En arrivant à Londres, sir Robert Peel trouve le parti tory aux abois, irrité comme tous les partis qui ont éprouvé une défaite, et il a d’abord le courage de lui faire connaître toutes les concessions qu’il faut faire. Ces concessions, il les annonce hautement ; il marque avec netteté au parlement le point où il ira, il trace franchement la ligne où, selon lui, le flot populaire doit mourir ; s’il s’élance au-delà de cette ligne, le ministre quittera le pouvoir et le cédera à d’autres, en regrettant de n’avoir pas accompli les desseins qu’il croit utiles à son pays, et de n’avoir pas été assez puissant pour empêcher l’exécution de ceux qui lui semblent funestes. Alors il combat presque seul ; seul, disons-le, il défend pied à pied son terrain ; il fait face avec un courage inoui à une opposition unique comme le ministre qu’elle attaque, à une opposition composée d’élémens qui s’abhorrent, de whigs purs, de whigs modérés, de toutes les nuances du radicalisme, d’une fraction irlandaise représentée par O’Connell, ennemie à la fois de l’opposition et du ministère, d’un parti flottant soumis à lord Stanley qui a des intérêts dans les deux camps ; et cependant cette opposition est unie et manœuvre comme un seul homme.

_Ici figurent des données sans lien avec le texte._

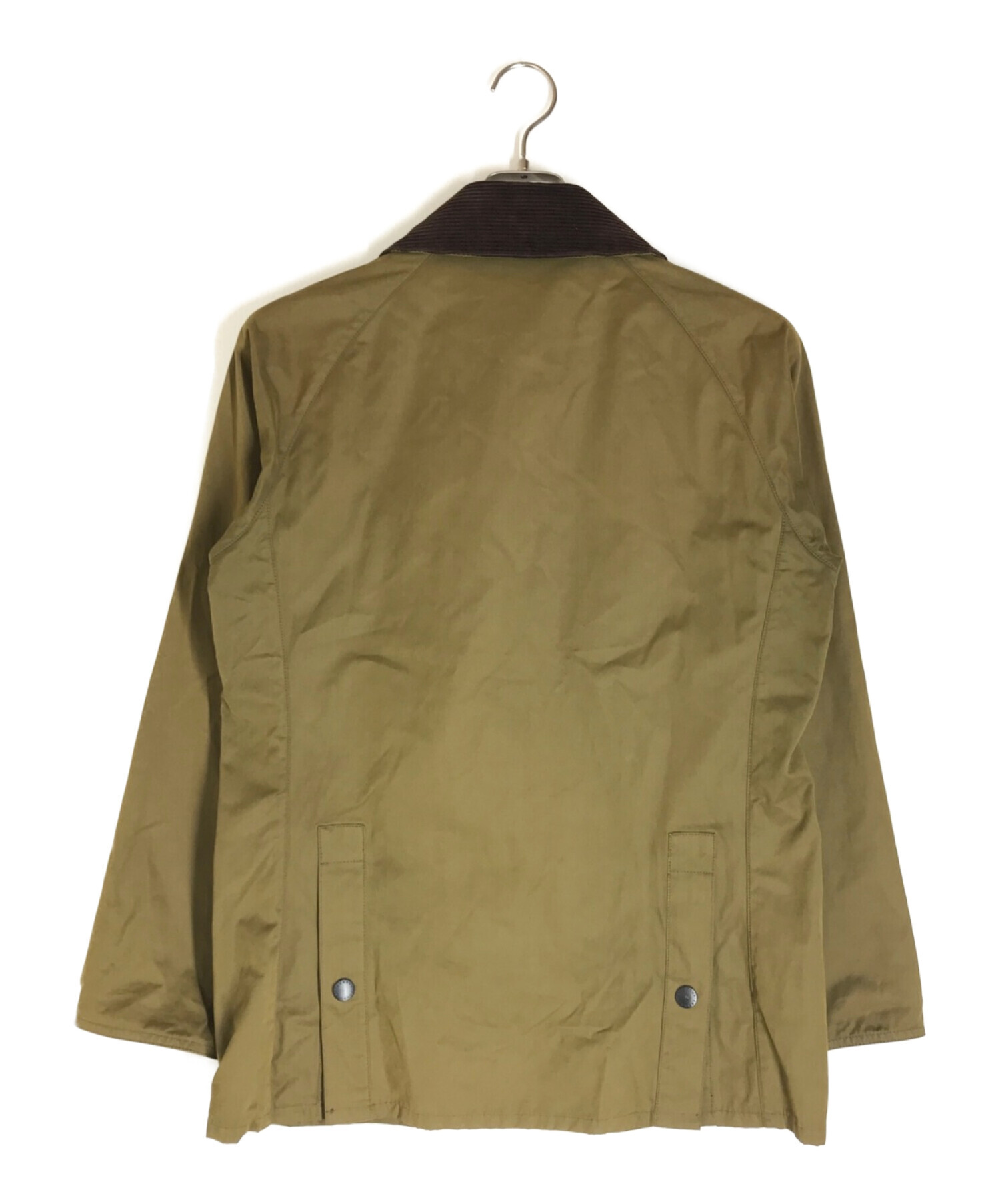 中古・古着通販】Barbour (バブアー) BEDALE SL ジャケット オリーブ ...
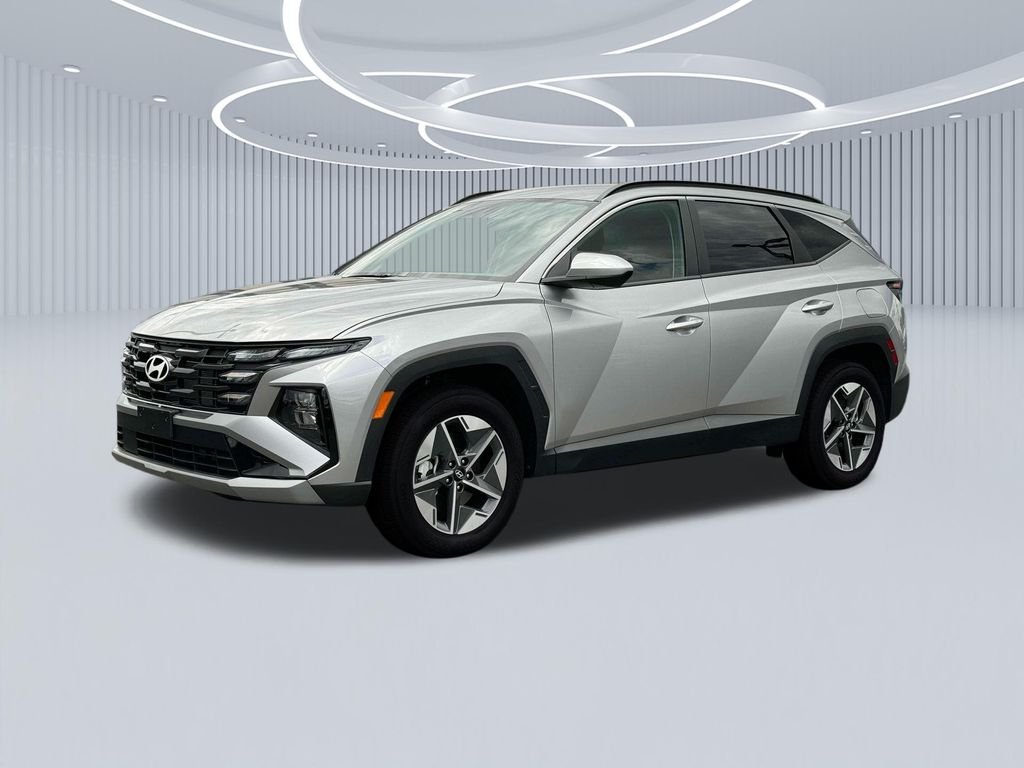 New 2026 Silver Hyundai SEL image 2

Lord John Russel la mène comme un coursier docile. Elle s’arrête, elle marche, elle avance, elle recule à sa voix, et si elle ne renverse pas tout à coup le ministère, c’est qu’elle semble se plaire à admirer la noblesse et la grandeur qu’il apporte dans cette guerre. On dirait une de ces vieilles batailles de la chevalerie, où les assaillans s’arrêtaient et cessaient de frapper, émerveillés de la vigueur et de l’héroïsme de l’adversaire qu’ils avaient en tête. Mais enfin la lutte étant devenue trop inégale, et la mesure qu’il avait lui-même indiquée étant comblée, le ministre est venu naïvement s’avouer vaincu. C’est avec la plus grande répugnance, a-t-il dit, c’est uniquement pour céder à la nécessité que j’abandonne le poste où m’a placé la confiance de mon souverain. — N’est ce pas ainsi qu’un lieutenant fidèle ouvre ses portes en montrant orgueilleusement que la place qu’il commandait n’est plus qu’un monceau de ruines ? Sir Robert Peel n’est pas mort sur la brèche aristocratique, parce qu’il a trop d’esprit pour se faire tuer inutilement ; mais il l’a défendue en héros, et les applaudissemens de ses ennemis, au bruit desquels il a battu en retraite, prouvent assez la grandeur de sa conduite. En France, nos ministres pensent qu’il est plus honorable de demeurer à leur poste au bruit des huées et des sifflets.